Other. We, in the ordinary course of business, are a claimant and/or a
defendant in various other legal proceedings. We do not believe that the outcome
of these other legal proceedings, individually and in the aggregate, will have a
materially adverse effect on our financial condition, results of operations or
cash flows.

Note 9 -- Subsequent Events

Acquisition of Shell's West Texas Interests. In May 2002, we agreed to
purchase certain assets from Shell Pipeline Company, including its interests in
the Basin Pipeline System, the Rancho Pipeline System and the Permian Basin
Gathering System, for approximately $315 million, excluding financing and
related transaction costs. The acquisition is expected to close early in the
third quarter. Consistent with our financing strategy, we expect to finance this
acquisition on a long-term basis using a balance of equity and long-term debt.
Because it is difficult to predict the timing of accessing capital markets, we
may initially fund the acquisition using proceeds from our revolving credit
facility.

11
MANAGEMENT'S DISCUSSION AND ANALYSIS OF
FINANCIAL CONDITION AND RESULTS OF OPERATIONS

Overview

We are a Delaware limited partnership formed in September of 1998 to
acquire and operate the midstream crude oil business and assets of Plains
Resources Inc. and its wholly owned subsidiaries.
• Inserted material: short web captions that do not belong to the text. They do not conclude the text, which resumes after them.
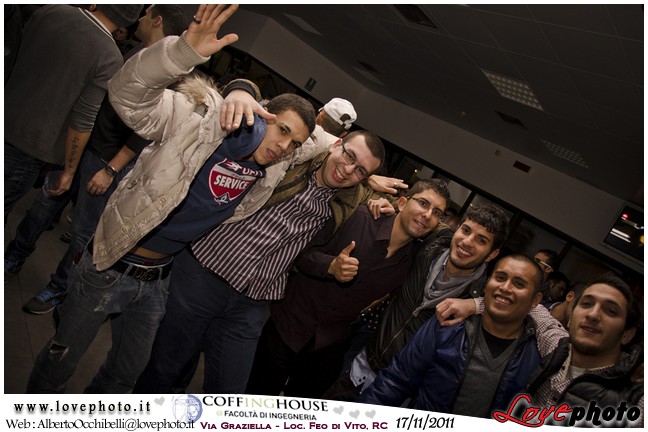 130CoffingHouse_Facolta_Ingegneria_LiveMusic_Party_LovePhoto_17112011.jpg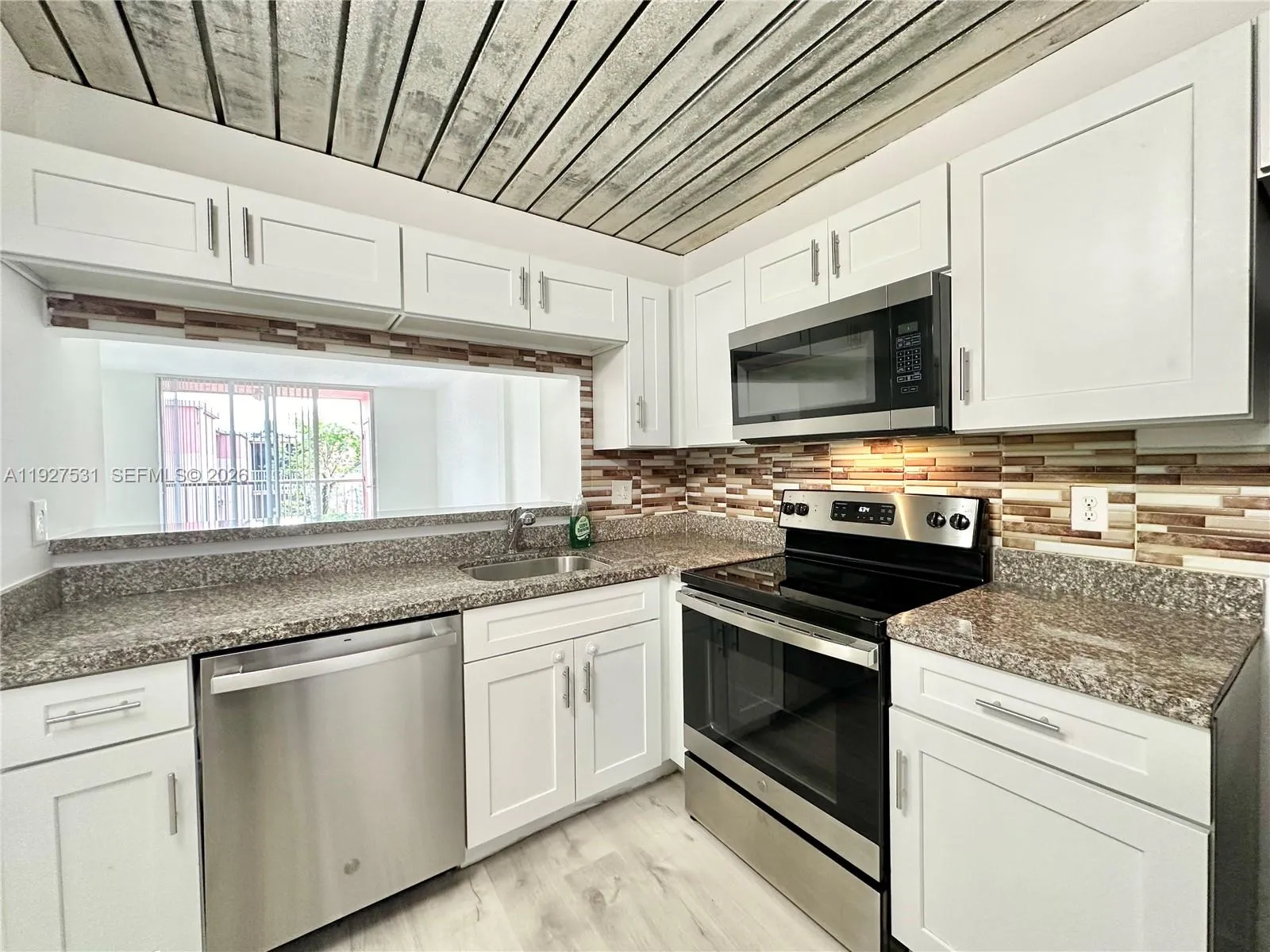 19751 Sw 114th Ave 349, Miami, Florida 33157, Miami, Florida 33157, 2 Bedrooms Bedrooms, ,2 BathroomsBathrooms,Residential Lease,For Rent,19751 Sw 114th Ave 349, Miami, Florida 33157,A11927531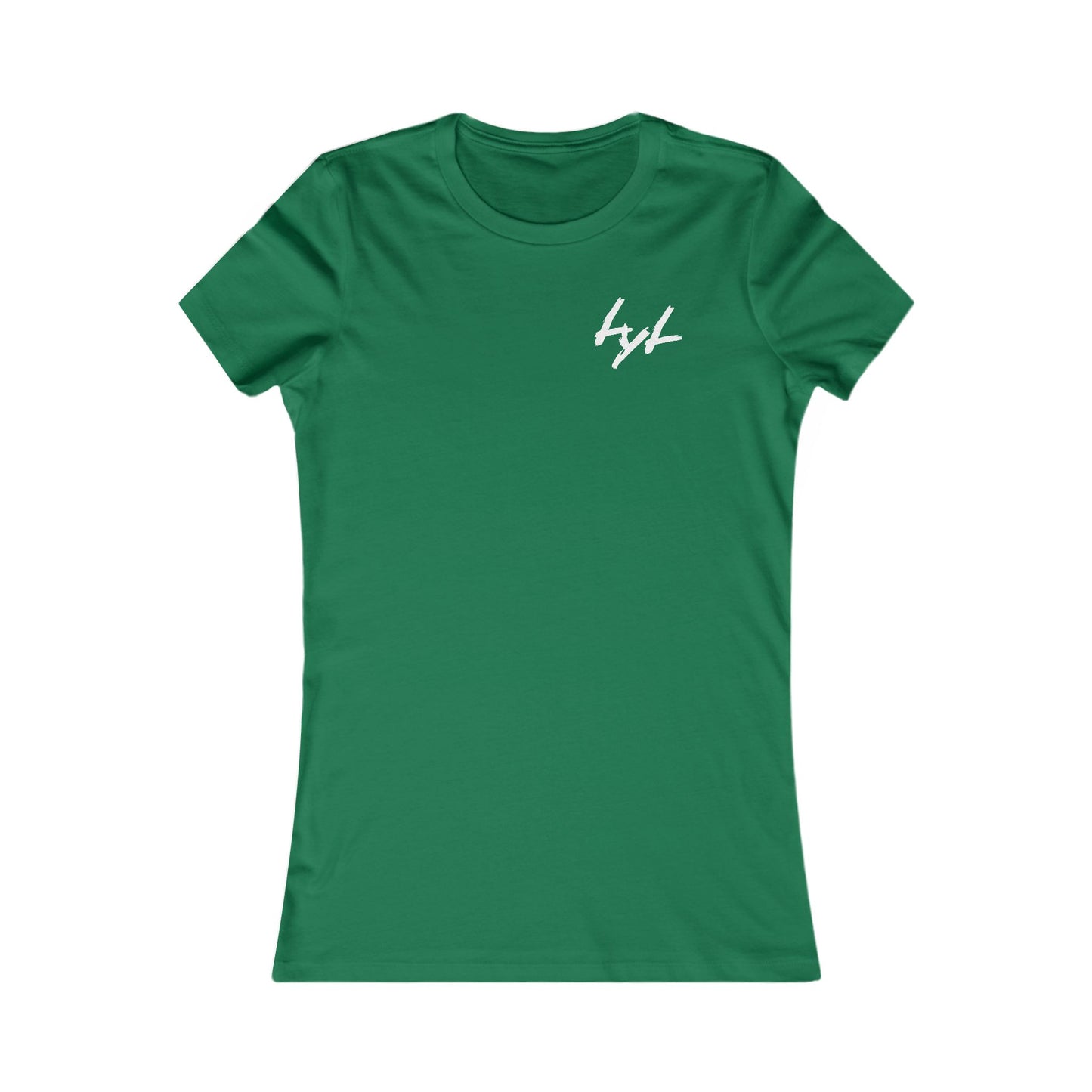 Women's 'Comfortably Dumb' T-Shirt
On November 23, 1998, we
completed our initial public offering and the transactions whereby we became the
successor to the business of the midstream subsidiaries of Plains Resources. Our
operations are conducted through Plains Marketing, L.P., All American Pipeline,
L.P. and Plains Marketing Canada, L.P. The terms "Plains All American" and the
"Partnership" herein refer to Plains All American Pipeline, L.P. and its
affiliated operating partnerships. We are engaged in interstate and intrastate
transportation, marketing and terminalling of crude oil and liquefied petroleum
gas ("LPG"). Our operations are conducted primarily in Texas, California,
Oklahoma, Louisiana and the Canadian provinces of Alberta and Saskatchewan.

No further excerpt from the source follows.